Demand-side factors and a changing picture of India’s disease burden may have also contributed to the increased utilization of healthcare services, and thus, out-of-pocket health expenditure. An increase in the average life expectancy to 66.9 years for men and 70.3 years for women, coupled with a rise in the share of the Indian population which can be classified as elderly, means that India has a larger aging population with greater healthcare needs. Furthermore, non-communicable diseases such as cardiovascular and respiratory diseases, cancers, diabetes, and other chronic diseases associated with lifestyle and pollution, now make up 61 percent of all deaths in India, meaning that demand has increased for long-term treatment and medication to manage chronic conditions.
Under-investment in public health services has also been cited as a supply-side factor in the increase in catastrophic and impoverishing out-of-pocket healthcare expenditure in a 2018 report by the World Health Organization. This report also found that catastrophic health care expenditure was more common among poor households compared with rich households, as well as those with older people, and households headed by women. Catastrophic out-of-pocket expenditure was further noted as having increased in the past 20 years, highlighting the relative failure of measures such as the 2005 National Rural Health Mission and2008 Rashtriya Swasthya Bima Yojana, a government health insurance scheme intended to provide cashless health insurance cards to cover medical expenses up to $440 per family per year, for 36 million of India’s poorest families. The insufficiency of prior government efforts do not bode well for the recently-announced National Health Protection Scheme, which seeks to expand health insurance coverage to 100 million of the country’s poorest families. The Indian government has further attempted to mitigate rising rates of impoverishment from health costs (particularly due to purchase of medicines) by setting up government pharmacies across the country dispensing low-cost generic drugs under the Jan Aushadhi scheme. These pharmacies have, however, been subject to frequent stockouts, concerns about the quality of generic drugs compared with branded counterparts, and low public awareness of the campaign.
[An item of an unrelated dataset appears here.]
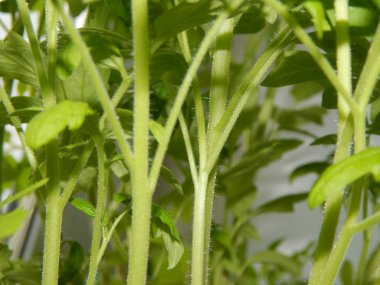 Yakın çekim bir tencerede yetiştirilen bitki çalıları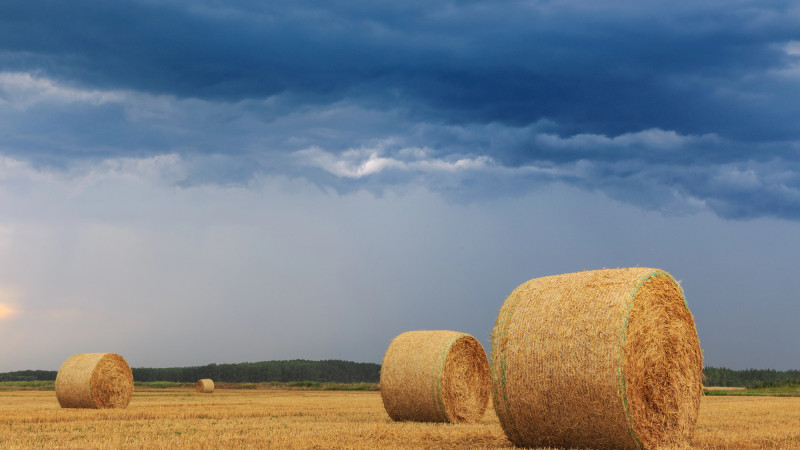Фото:depositphotos.com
Despite these measures aimed at increased health insurance coverage and reducing the crippling effects of health expenditure, an inescapable fact about public health in India remains that government spending on healthcare has remained stagnant at 1.3% of GDP between 2008 and 2015, only marginally rising to 1.4% in 2016-2017. In order to meet the demands of a population with increasingly complex health needs, including the largest number of malnourished children in the world as well as the fifth highest rates of obesity, India must increase its investment in public health facilities so as to prevent populations from seeking healthcare from more expensive private health practitioners. If the Indian government is to meet its own target of spending 2.5% of GDP on healthcare by 2025 (as outlined in its 2017 National Health Policy), it will have to increase spending by 20 percent each year, not 0.1 percent. Only then will it be able to meet the health burdens of its people, rather than burdening them further with impoverishment.